De quelle infraction s’agit-il ? La réglementation des changes autorise bien les banques à
constituer une trésorerie en devises qu’elles peuvent même placer à l’étranger, sous
réserve de respecter la règle prudentielle en la matière, à savoir un maximum de 10% par
rapport aux fond propres de la banque comme position de change par devise et 20% pour
l’ensemble des positions de change. Si infraction il y a, elle peut concerner les achats pour
le compte de la clientèle effectués sans sous-jacent.
Le plus regrettable dans ce cafouillage est que la banque centrale n’est même pas
parvenue à convaincre ses partenaires les plus proches. Sa crédibilité a été battue en
brèche au mauvais moment, celui où elle s’apprête à passer au ciblage d’inflation et à la
flexibilité du dirham, alors que ces deux outils nécessitent une relation de confiance pour
que les anticipations d’inflation et de change se forment dans la sérénité.
Le gouvernement et les banques ayant contrarié ses plans, il ne restait plus que le FMI
pour continuer à soutenir le projet. Se servant de sa position d’expert au-dessus de la
mêlée et fort de la reconduction récente de la ligne de précaution et de liquidité en faveur
du Maroc, son intervention risque fort de faire infléchir le gouvernement.

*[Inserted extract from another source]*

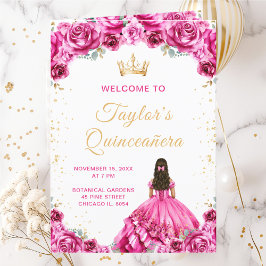 Shock rosa Princess Blommigt Quinceañera-programme Program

En effet, le chef du gouvernement a remis à l’ordre du jour un ancien projet de révision du
statut de la banque centrale, qui renforce son indépendance en matière de politique
monétaire tout en introduisant une innovation qui a trait à la politique du taux de change à
confier à la banque centrale.
Les conséquences de la réforme
Avant de démarrer la cotation du dirham sur le marché, il convient de s’assurer que le
cours de référence est à l’optimum. Aujourd’hui, les autorités marocaines et les
organisations internationales affirment que le dirham n’est pas surévalué et ne nécessite
aucune correction. Mais, peut-on éviter pour autant une dépréciation sur le marché ? Dans
la mesure où la banque centrale garantit le maintien du dirham dans une bande de
fluctuation, il n’y a pas de crainte à se faire à court terme. Toutefois, si le cours reste en
permanence à la limite supérieure (c’est-à-dire du côté de la dépréciation), on risque
d’assister à une intervention continue de la banque centrale pour soutenir le dirham, ce
qui tendrait à épuiser les réserves. La seule solution serait alors de céder aux pressions
du marché en élargissant la marge.
Dans de telles conditions, l’élargissement serait contraint au lieu d’être voulu comme le
prévoient les autorités étape par étape. Cette situation serait encore plus difficile à soutenir
si les autorités décidaient d’assouplir progressivement l’ouverture du compte capital, en
particulier pour les résidents qui en sont écartés jusqu’à présent. D’autre part, compte tenu
de la taille étriquée du marché et de l’économie, il n’est pas exclu de voir certaines
opérations de placement initiées par des investisseurs étrangers - fussent-elles ordinaires
et sans intention délibérée d’attaquer le dirham - causer des perturbations incontrôlables
sur le marché.
Enfin, les entreprises vont devoir s’habituer à gérer le risque de change en supportant un
coût supplémentaire en produits de couverture. Aujourd’hui, ces produits sont jugés chers
par les utilisateurs, alors même que le taux de change est plutôt stable. On peut donc
s’attendre à un renchérissement de la couverture, sauf si le nombre d’opérations devient
si important qu’il permette une baisse des primes. D’autre part, si le marché de l’assurance
et le marché boursier s’ouvrent aux opérations de couverture, la concurrence exercerait
une pression à la baisse sur les prix.

Bien que n’ayant fait l’objet d’aucune demande de la part des acteurs économiques ni des
représentants politiques, le régime flexible finira par être adopté car ce que les grands
manitous du libéralisme international souhaitent, ne serait-ce que pour tester certains
scénarii, sera tôt ou tard décidé par les autorités. L’enjeu véritable réside en fait dans
l’obtention de cet aval si précieux pour accéder au marché financier international. Et la
boucle est bouclée. Peu importe que l’adhésion du peuple soit acquise ou non.